## Record extracts
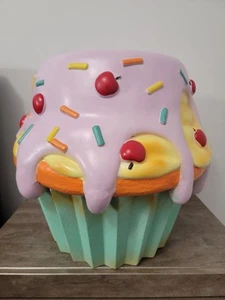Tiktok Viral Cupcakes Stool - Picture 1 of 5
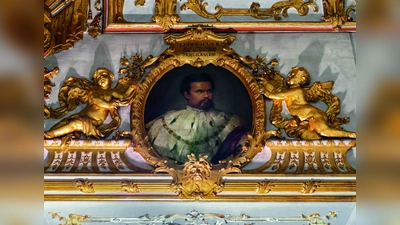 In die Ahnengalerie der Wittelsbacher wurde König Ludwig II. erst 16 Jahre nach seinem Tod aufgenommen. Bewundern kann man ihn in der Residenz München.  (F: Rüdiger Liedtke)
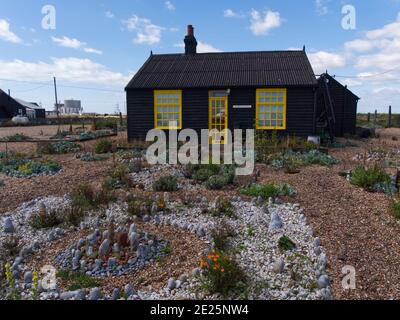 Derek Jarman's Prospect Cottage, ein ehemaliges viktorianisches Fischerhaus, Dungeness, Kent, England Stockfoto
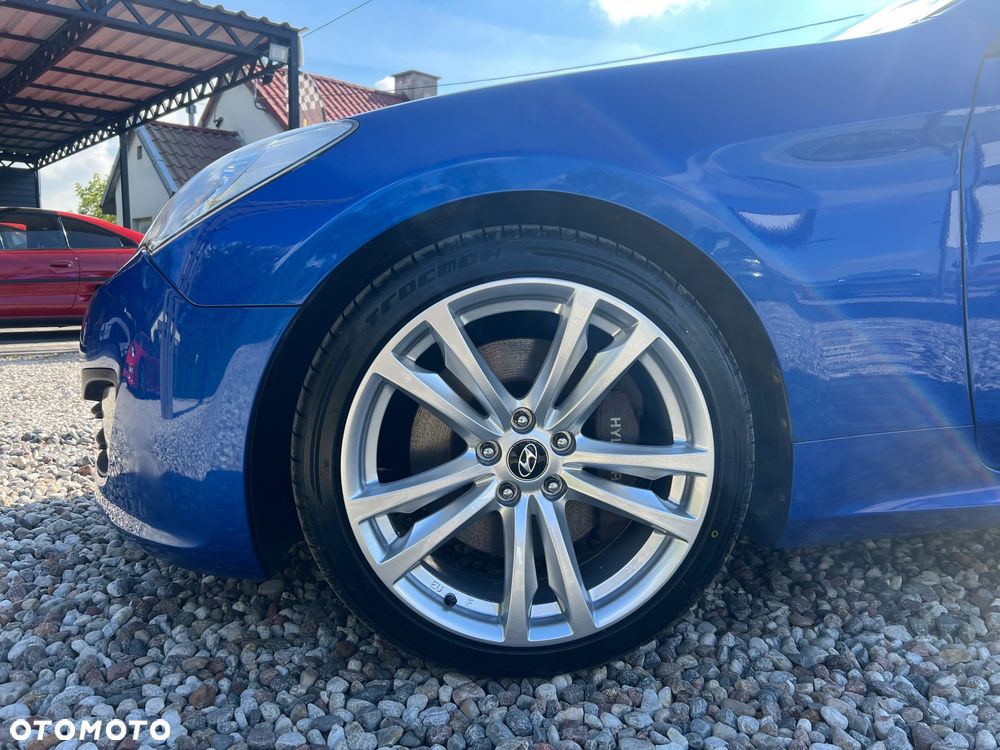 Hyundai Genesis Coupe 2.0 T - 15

==

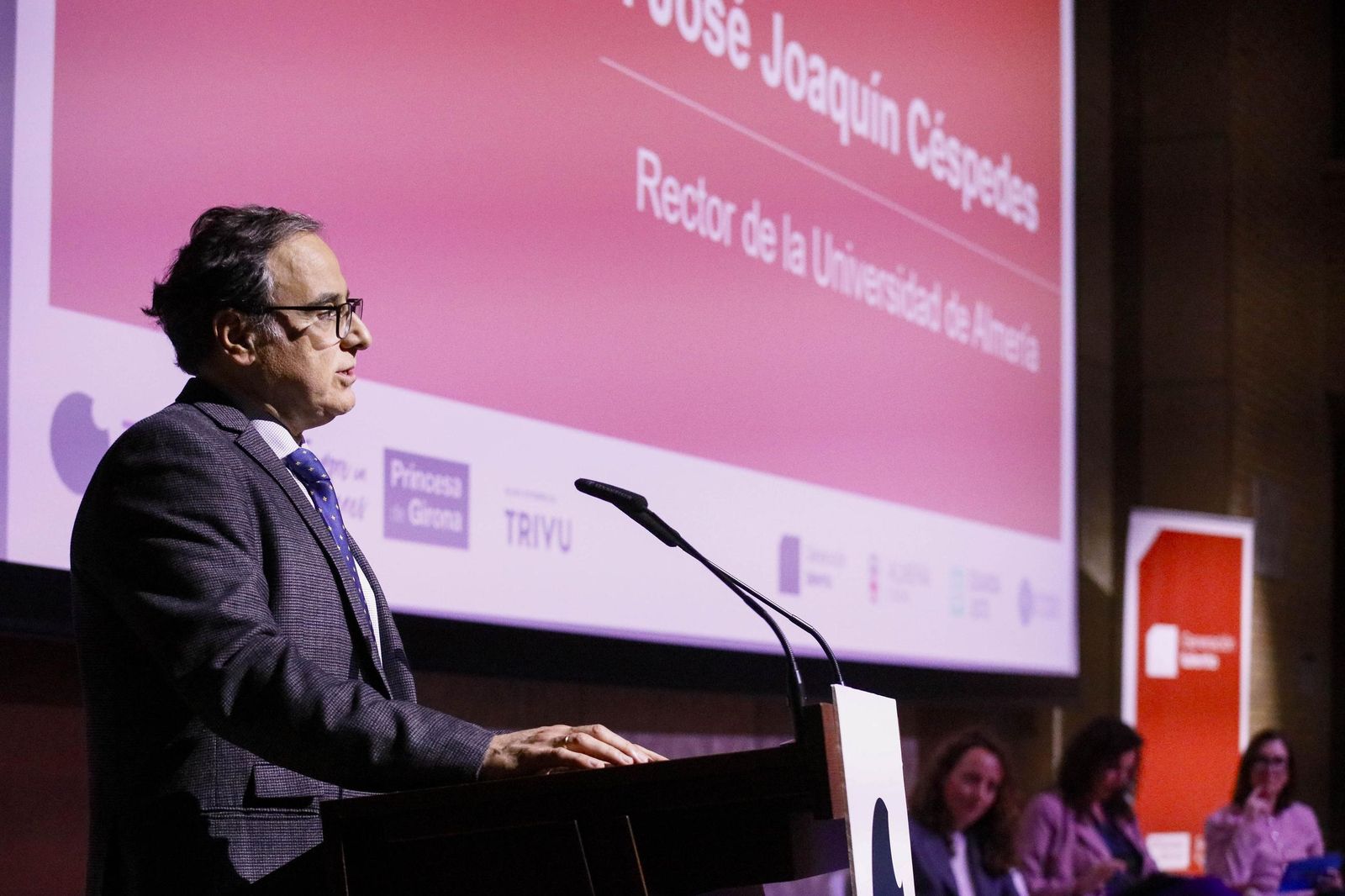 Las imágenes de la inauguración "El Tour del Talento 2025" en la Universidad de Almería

...

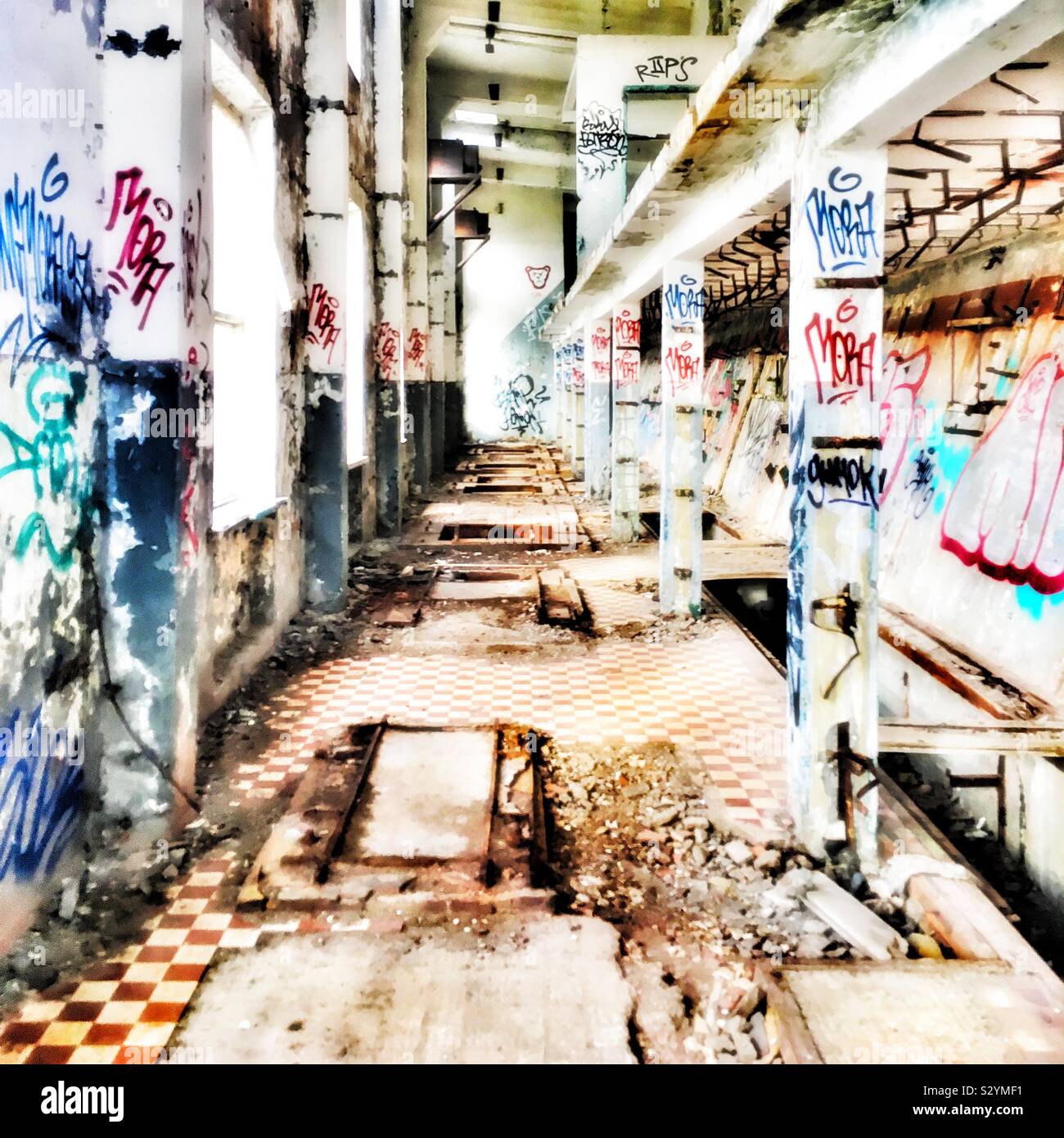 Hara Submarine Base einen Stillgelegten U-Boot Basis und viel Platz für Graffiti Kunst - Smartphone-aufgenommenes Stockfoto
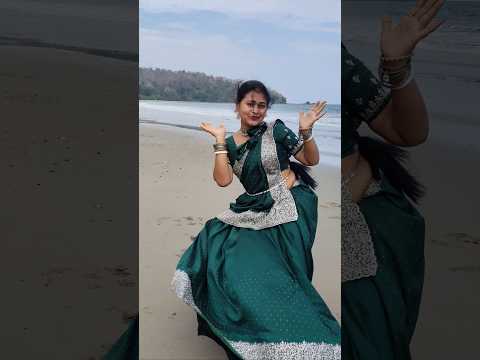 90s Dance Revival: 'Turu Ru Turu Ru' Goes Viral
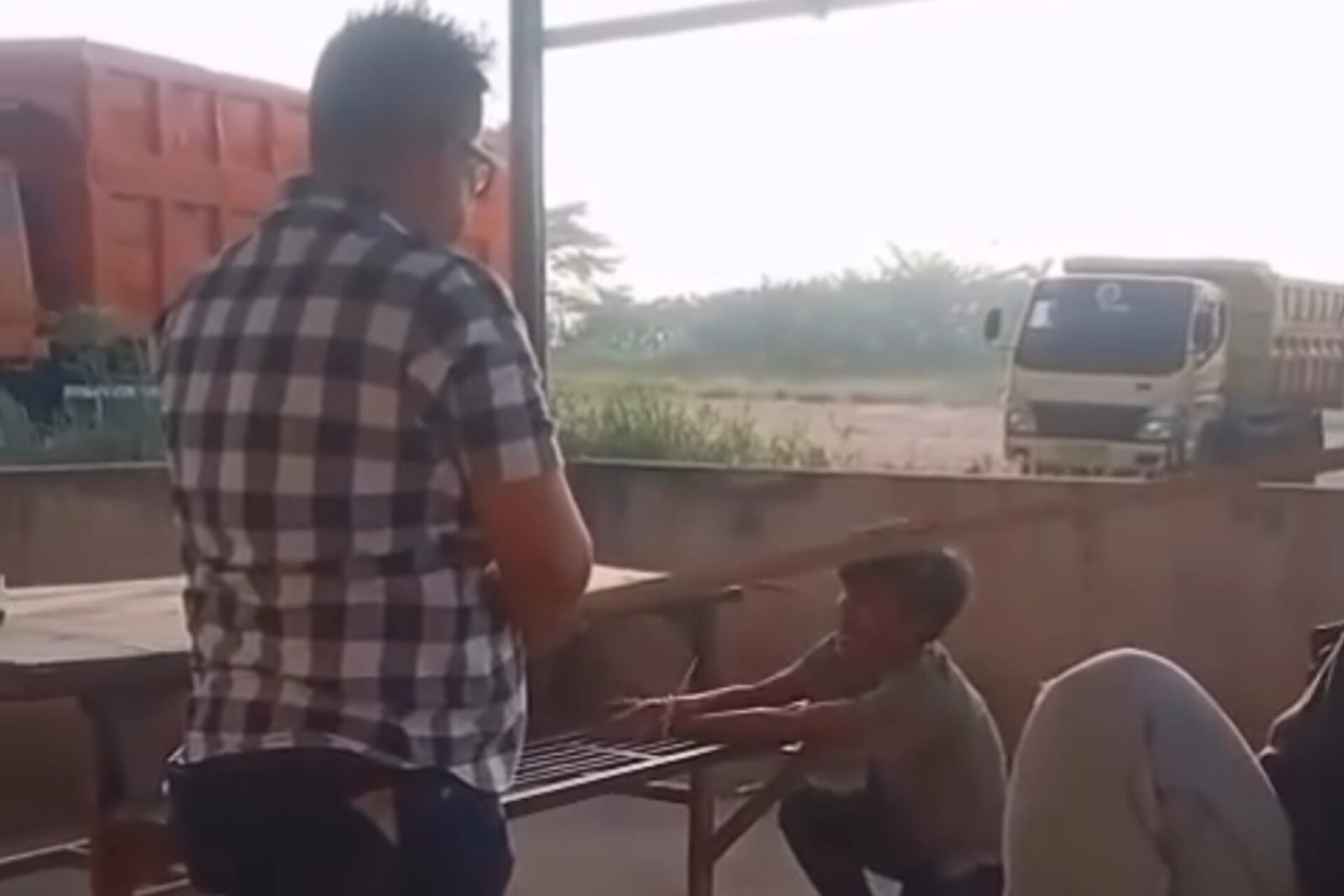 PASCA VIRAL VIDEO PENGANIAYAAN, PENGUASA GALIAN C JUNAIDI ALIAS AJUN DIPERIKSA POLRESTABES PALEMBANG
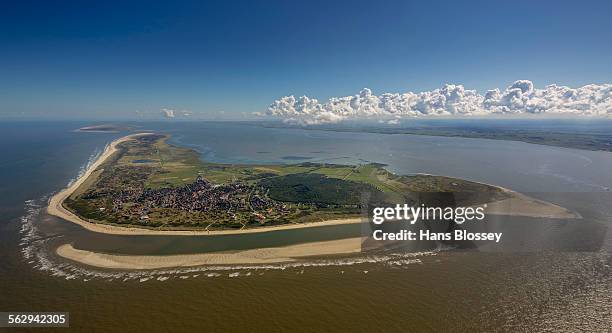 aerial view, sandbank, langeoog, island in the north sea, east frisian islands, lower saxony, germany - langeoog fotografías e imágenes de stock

## What is being asked
Each line above starting at the one holding "Tiktok Viral Cupcakes Stool - Picture 1 of 5" and ending at the one holding "Hyundai Genesis Coupe 2.0 T - 15" should be set down exactly as it stands, both ends included, with no pictures.

## Written answer
Tiktok Viral Cupcakes Stool - Picture 1 of 5
 In die Ahnengalerie der Wittelsbacher wurde König Ludwig II. erst 16 Jahre nach seinem Tod aufgenommen. Bewundern kann man ihn in der Residenz München.  (F: Rüdiger Liedtke)
 Derek Jarman's Prospect Cottage, ein ehemaliges viktorianisches Fischerhaus, Dungeness, Kent, England Stockfoto
 Hyundai Genesis Coupe 2.0 T - 15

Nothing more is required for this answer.